What would I see the War like if I were an Iraqi exile?

LI has been reading Benjamin Constant's essay on the "Spirit of Conquest" thinking of that question this weekend. Constant wrote the essay in 1813, in Germany. He'd been in exile from Napoleon's France for five years, following in the wake of his lover, Mme. de Stael. He'd had to flee Napoleon's troops in Germany more than once. From this viewpoint, he could see just what was wrong with revolutionary expansionist wars. Which, oddly enough, is how our War is being advertised.

With less mandarin reference, the NYT Magazine article about, mostly, Kanan Makiya, the intellectual architect of the Defense department favored blueprint for Post-Saddam Iraq, thrusts the question under our noses. George Packer, who wrote the article, has been on the edge about these issues. If, like me, you feel the War will be a disaster, you still have to stop and consider the position of the politically active Iraqi exile. LI's politics, before it fits into an ideology, requires "fantasia" -- a term O'brien uses to describe Burke's politics. It means the ability to imaginative project oneself. For Burke, and I think, although O'Brien would disagree, for Marx, fantasia is the horizon that conditions politics -- not justice.

So, what would I think?

Here, after all, is a bloody tyrant. Here are millions of people demonstrating against the War, against, secondarily, Israel's treatment of the Palestinians, and leaving absolutely unmentioned the Kurds, the Shiites, the massacres of the last twenty years. And the thing is -- he isn't just bloody -- he's incompetent on a scale unparalleled by even the region's notably incompetent rulers. He has, in his quest for military supremecy in the region, spent untold amounts of the country's wealth on futile projects that are now coming down on his head.

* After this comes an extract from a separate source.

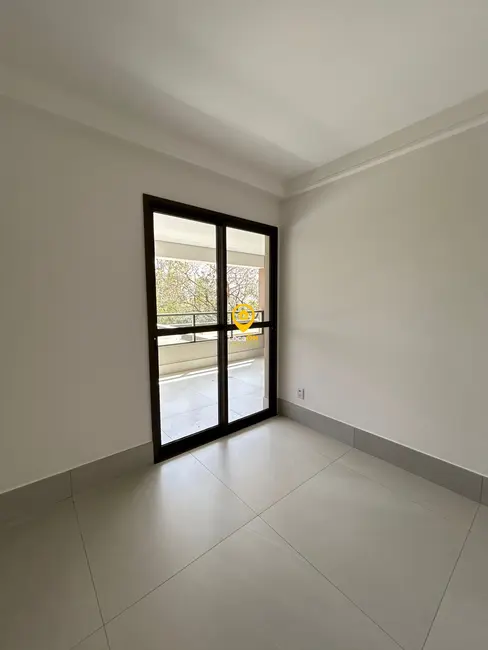 Apartamento com 3 quartos à venda, 97m2 em Jardim Irajá, Ribeirao Preto - SP - imagem 9 Foto 9 de Apartamento com 3 quartos à venda, 97m2 em Jardim Irajá, Ribeirao Preto - SP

And then here's the strongest country in the world, offering its full military might. What would you do?

Packer's article begs that question, but it should definitely be read in conjunction with this article in Business Week that surveyed the Iraqi shambles, since no questions were asked about how Makiya's 'democratic government" was going to, well, support itself. Here are some central grafs from the BW article:

"Two decades of war plus 12 years of U.N. sanctions have slashed gross domestic product per capita by over 70%. The U.N. Development Programme calculates that on a purchasing-power-parity basis, Iraq's per-capita income is only $700, making it one of the poorest nations on earth outside Africa.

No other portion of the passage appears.